Why I’m happy to say that learning styles don’t exist

There is a curious constituency out there who are desperate to make the case for learning styles, despite all of the evidence that we now have. Some recognise the issues with the way learning styles have been implemented and yet still wish to keep them from the grave. We read that there might be something in it, somewhere; it’s all part of life’s rich tapestry.

This is a moral issue. Teacher workload is increased when managers pursue learning styles and we are all aware of the recruitment and retention problems affecting teaching. It is simply wrong to require teachers to fill-in boxes on lesson plans when it’s clear that there is no proven value in doing so. And yet this is an inevitable result of learning styles theories being undead. Just look at the responses to Tom Bennett’s recent tweets. The Zombie is out there and it is consuming the flesh of good, honest teachers. It is up to those of us with knowledge and a bit of a platform to try our best to kill it off.

Learning styles also risk labelling and stereotyping students; possibly the most dangerous part of the whole concept. As Coffield et. al. explain:

“The theorists warn of the dangers of labelling, whereby teachers come to view their students as being a certain type of learner, but despite this warning, many practitioners who use their instruments think in stereotypes and treat, for instance, vocational students as if they were all non-reflective activists… Similarly, students begin to label themselves; for example, at a conference attended by one of the reviewers, an able student reflected – perhaps somewhat ironically – on using the Dunn and Dunn Productivity Environmental Preference Survey (PEPS): ‘I learned that I was a low auditory, kinaesthetic learner. So there’s no point in me reading a book or listening to anyone for more than a few minutes’.”

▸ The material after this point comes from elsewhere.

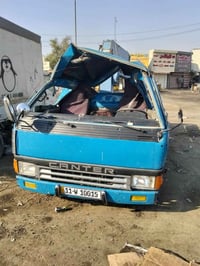 كنتر للبيع موديل 96 كرين سنويه كرين جهاز أمخالف اسلايتين مكينه هيونداي...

The latest reanimation attempts seem to stem from two arguments. The Coffield et. al. study was one of the earlier reports to conclude that learning styles models offer little value (in the context of post-16 education). As part of the research, it found that certain learning styles surveys have more internal reliability than others (the same person would be assigned the same traits on repeated tests). That’s pretty much it. It certainly did not find that this is particularly useful and it recommended focusing on other strategies.

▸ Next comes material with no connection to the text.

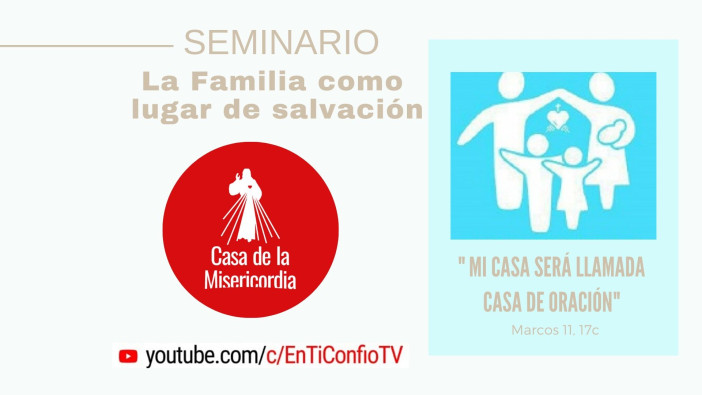 Coversatorio 4 Seminario de Familia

The other argument seems to be about the semantics of falsification. A scientific hypothesis is one which makes a testable prediction. Learning styles theories do this. If they are correct and there is some advantage to taking learning styles into account when planning lessons then we should see improved learning when we do this – this is the ‘meshing’ hypothesis. We don’t see such improvements. To most reasonable people, and to most scientists, this is seen as a falsification of the hypothesis (of course, it could perhaps be true that learning styles exist but have no implications for teaching whatsoever – I’ll leave you to ponder the logic and implications of that). Science uses inductive logic and therefore the scientific process of falsification must also use inductive logic.

The claim is that you cannot prove the non-existence of anything

The claim is that you cannot prove the non-existence of anything

Falsification does not meaning proving with absolute certainty that something does not exist because you can’t do this and it would therefore be impossible to falsify anything. If a psychic informs us that he has special powers then we may doubt this. We may ask him to demonstrate and he may fail. However, we cannot prove that he will always fail under all circumstances. Philosopher Steven Hale takes-up this theme in “Thinking Tools: You Can Prove a Negative“:

“Maybe people mean that no inductive argument will conclusively, indubitably prove a negative proposition beyond all shadow of a doubt. For example, suppose someone argues that we’ve scoured the world for Bigfoot, found no credible evidence of Bigfoot’s existence, and therefore there is no Bigfoot. A classic inductive argument. A Sasquatch defender can always rejoin that Bigfoot is reclusive, and might just be hiding in that next stand of trees. You can’t prove he’s not! (until the search of that tree stand comes up empty too). The problem here isn’t that inductive arguments won’t give us certainty about negative claims (like the nonexistence of Bigfoot), but that inductive arguments won’t give us certainty about anything at all, positive or negative.”

If we take such a strict line then it would be equally invalid to claim that fairies don’t exist or that Santa Claus does not exist or any strange and bizarre product of the human imagination. Perhaps we should be placing boxes on our lesson plans in which we explain how we intend to take account of UFOs or telepathy? Perhaps we should be incorporating tracts on reiki and homeopathy into trainee teachers’ reading lists? You never know, there might be something in it that teachers might find useful. There might just be a Bigfoot behind the next tree.

No, this is not a sufficient reason to ask teachers to spend valuable time on a concept. I admit that it is an inductive leap but I am happy enough to say that fairies don’t exist and I am happy enough to say that learning styles don’t exist either. And I am quite prepared to review this, if and when someone produces evidence that they do.

I will leave the final word on this to Pashler et. al.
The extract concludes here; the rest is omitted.